BOLZANO. La crisi taglia drasticamente le liste d’attesa nelle case di riposo e taglia i pazienti: sempre meno “non autosufficienti”. Le famiglie, infatti, preferiscono incassare l’assegno che passa la Provincia (da 1.350 a 1.800 euro al mese) ed assistere i loro cari tra le mura di casa.

Carlo Alberto Librera, direttore della Ripartizione case di riposo dell’Azienda servizi sociali, spiega che sta cambiando un mondo.

Quanti posti letto avete a disposizione in tutto?

«Attualmente ne gestiamo 454: 170 a Don Bosco, 96 a Villa Europa, 85 a Villa Armonia, 76 a Villa Serena e 27 alla S. Maria».

Perché sono calati gli anziani in lista d’attesa? «Con l'avvento della legge sulla tutela della non autosufficienza ed il rispettivo assegno, la graduatoria per l'ammissione definitiva in struttura si è stabilizzata progressivamente verso il basso. Si è passati dalle circa 150 richieste di pochi anni fa alle 60 con punte minime di soli 34 richiedenti».

Come mai è successo?

«Gli assegni di cura erogati dalla Provincia hanno fatto sì che molte famiglie oggi scelgano di assistere i propri cari a domicilio».

La novità in cosa si concretizza? «Nel calo del numero complessivo dei richiedenti oltre al fatto che i livelli più gravi di non autosufficienza non presentano più domanda di ammissione e parlo dei livelli 3° e 4° che ricevono l'assegno di cura più alto, rispettivamente di 1.350 e 1.800 euro al mese. Tutti questi non sono più presenti in graduatoria così come stanno scomparendo anche i 2° livelli».

Cosa provoca tutto questo? «Sta cambiando molto rapidamente la tipologia dei residenti: sempre meno lungodegenti a favore di persone anziane con bassi bisogni assistenziali. Almeno sulla carta».

Col personale come va?

«Male. Questo scenario provoca una diminuzione di personale che, per normativa provinciale, è proporzionale alla non autosufficienza dei residenti. Da inizio anno lo abbiamo infatti ridotto del 10% e sempre più velocemente stiamo andando in questa situazione. Questione di fatto insostenibile perché, soprattutto nelle strutture più grandi, non vi sono sufficienti addetti per garantire una adeguata turnazione nelle diverse unità organizzative».

Come vede il futuro? «Lo scenario è tutt'altro che incoraggiante se si pensa che a fronte di un’oggettiva diminuzione di dipendenti le aspettative dei residenti e soprattutto dei familiari sono in costante aumento. Nonostante questo stiamo cercando di mantenere gli standard assistenziali di sempre, con notevole sforzo da parte di tutti, ma non sappiamo per quanto saremo in grado di farcela».
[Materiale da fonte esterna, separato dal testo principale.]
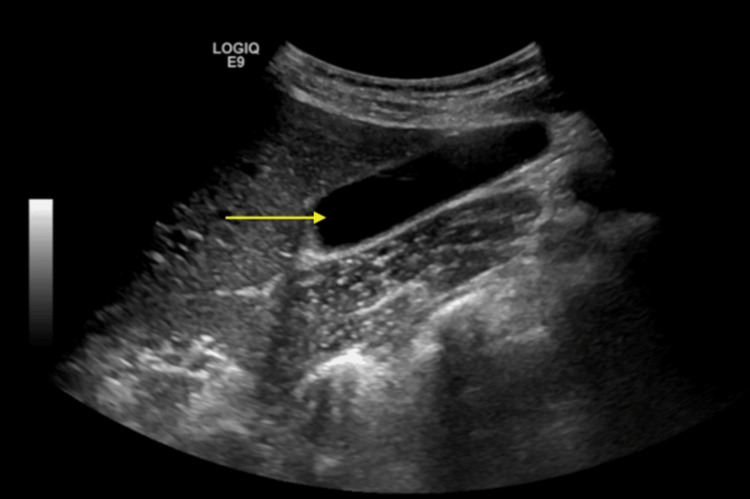 Ultrasound of the right upper quadrant (RUQ) shows a normal-appearing gallbladder without gallstones.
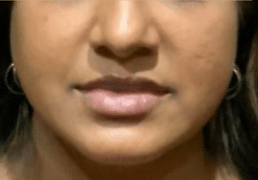 After Image: Bellafill Acne Treatment with Luma Forte Facial Cream - front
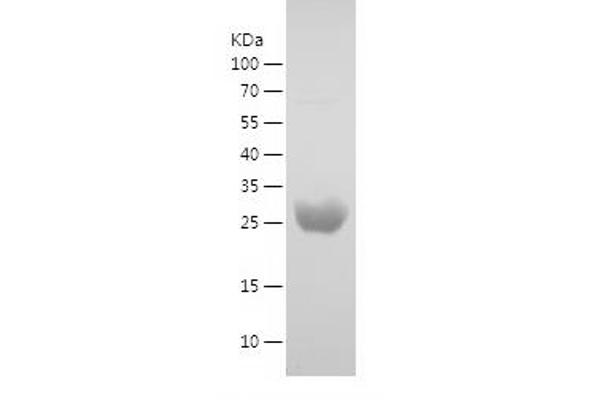 UCK2 Protein (AA 2-261) (His tag)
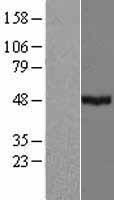 CYP39A1 Protein - Western validation with an anti-DDK antibody * L: Control HEK293 lysate R: Over-expression lysate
Ma se i pazienti sono meno impegnativi perché non bastano gli assistenti? «Questo è il punto. Spesso gli anziani a cui è stato assegnato un livello assistenziale basso, hanno di fatto bisogni ben superiori e quindi ci troviamo nella situazione di avere il personale proporzionato per assistere dei livelli bassi (sulla carta) a fronte di bisogni reali ben superiori».

Avete una vostra proposta?

«Sì. La Provincia potrebbe pensare di attingere al sistema trentino dove vi è un finanziamento a posto letto e quindi una maggiore stabilità del personale insieme a maggiore autonomia gestionale da parte delle strutture. Il finanziamento adesso è legato al residente e quindi variabile ma se riusciremo a legarlo al posto letto, facendo una media equilibrata, il numero di personale rimarrà stabile».